In a post-conviction proceeding challenging a criminal conviction, two jurors testified that one or more jurors had made statements, during deliberations, that the defendant (petitioner herein) had previously committed or been charged with murder but had managed to escape legal consequences. No evidence of such prior acts was presented at trial, and the allegations were false. Although the trial court found that one or more of these statements had been made and heard by jurors, it denied relief on the ground that the error was harmless because discussion on the subject had been "shut down," and because six jurors testified that they had not heard the extraneous information. The appellate court affirmed, holding that the defendant had not been prejudiced by the statements. Thus, the principal question presented is: Where deliberating jurors receive external information that a criminal defendant had committed prior bad acts, does the dissemination of such information to jurors necessarily violate his Sixth Amendment right to trial by an unbiased jury, or may the receipt of such information be excused as "harmless error"?

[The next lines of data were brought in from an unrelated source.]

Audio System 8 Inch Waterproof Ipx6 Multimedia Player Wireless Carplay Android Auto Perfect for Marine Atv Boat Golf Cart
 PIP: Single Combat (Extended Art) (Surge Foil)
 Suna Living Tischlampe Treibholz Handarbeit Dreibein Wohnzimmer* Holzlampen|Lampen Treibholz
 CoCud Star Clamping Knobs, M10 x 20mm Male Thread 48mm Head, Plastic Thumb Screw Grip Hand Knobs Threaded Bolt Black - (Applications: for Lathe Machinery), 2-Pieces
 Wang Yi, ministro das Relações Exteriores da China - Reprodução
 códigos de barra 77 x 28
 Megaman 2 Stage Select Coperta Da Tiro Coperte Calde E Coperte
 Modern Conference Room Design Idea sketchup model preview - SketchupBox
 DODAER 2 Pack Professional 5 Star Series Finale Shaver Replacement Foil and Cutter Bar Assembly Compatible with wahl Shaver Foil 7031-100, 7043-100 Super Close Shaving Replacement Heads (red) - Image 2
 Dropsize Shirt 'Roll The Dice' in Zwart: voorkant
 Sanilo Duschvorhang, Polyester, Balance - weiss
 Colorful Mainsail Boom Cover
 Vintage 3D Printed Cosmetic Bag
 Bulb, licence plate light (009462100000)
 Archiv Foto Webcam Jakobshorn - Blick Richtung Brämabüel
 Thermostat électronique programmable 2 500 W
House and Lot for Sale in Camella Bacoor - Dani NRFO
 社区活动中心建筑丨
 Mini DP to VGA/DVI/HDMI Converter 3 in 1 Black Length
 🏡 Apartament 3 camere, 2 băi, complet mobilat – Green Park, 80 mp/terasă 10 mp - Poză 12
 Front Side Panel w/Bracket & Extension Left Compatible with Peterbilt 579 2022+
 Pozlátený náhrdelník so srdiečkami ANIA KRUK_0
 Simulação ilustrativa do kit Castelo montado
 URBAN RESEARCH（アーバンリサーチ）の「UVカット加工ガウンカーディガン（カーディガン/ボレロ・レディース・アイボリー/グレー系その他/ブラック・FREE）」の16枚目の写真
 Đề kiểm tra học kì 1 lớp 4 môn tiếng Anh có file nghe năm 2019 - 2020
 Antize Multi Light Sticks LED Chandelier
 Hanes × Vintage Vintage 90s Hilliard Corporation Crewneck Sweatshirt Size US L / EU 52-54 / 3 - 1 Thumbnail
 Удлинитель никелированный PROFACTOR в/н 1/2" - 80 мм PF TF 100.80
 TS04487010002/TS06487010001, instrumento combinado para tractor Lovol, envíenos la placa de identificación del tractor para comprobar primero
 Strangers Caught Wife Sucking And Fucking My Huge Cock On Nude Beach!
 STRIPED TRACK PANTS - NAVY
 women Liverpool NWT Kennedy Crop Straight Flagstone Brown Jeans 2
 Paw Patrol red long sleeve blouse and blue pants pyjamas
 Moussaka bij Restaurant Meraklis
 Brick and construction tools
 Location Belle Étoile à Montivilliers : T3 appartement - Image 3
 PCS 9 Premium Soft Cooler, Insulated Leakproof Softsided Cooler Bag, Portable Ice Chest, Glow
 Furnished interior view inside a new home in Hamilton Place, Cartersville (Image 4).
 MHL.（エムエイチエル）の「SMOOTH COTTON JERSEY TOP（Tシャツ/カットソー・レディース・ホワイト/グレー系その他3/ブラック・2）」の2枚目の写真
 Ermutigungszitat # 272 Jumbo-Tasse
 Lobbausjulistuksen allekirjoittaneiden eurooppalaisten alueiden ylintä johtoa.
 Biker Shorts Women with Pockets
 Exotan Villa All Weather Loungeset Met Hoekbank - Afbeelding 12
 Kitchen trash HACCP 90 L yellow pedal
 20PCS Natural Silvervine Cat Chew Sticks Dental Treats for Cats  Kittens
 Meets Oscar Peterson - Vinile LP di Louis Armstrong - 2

A secondary question presented is: Where courts violate Federal Rule of Evidence 606(b)'s provision barring evidence relating to the effect of external influences on the mental processes of jury members, can such evidence still be considered by the court in making its determination as to whether the defendant was prejudiced?
Where deliberating jurors receive external information that a criminal defendant had committed prior bad acts, does the dissemination of such information to jurors necessarily violate his Sixth Amendment right to trial by an unbiased jury, or may the receipt of such information be excused as 'harmless error'?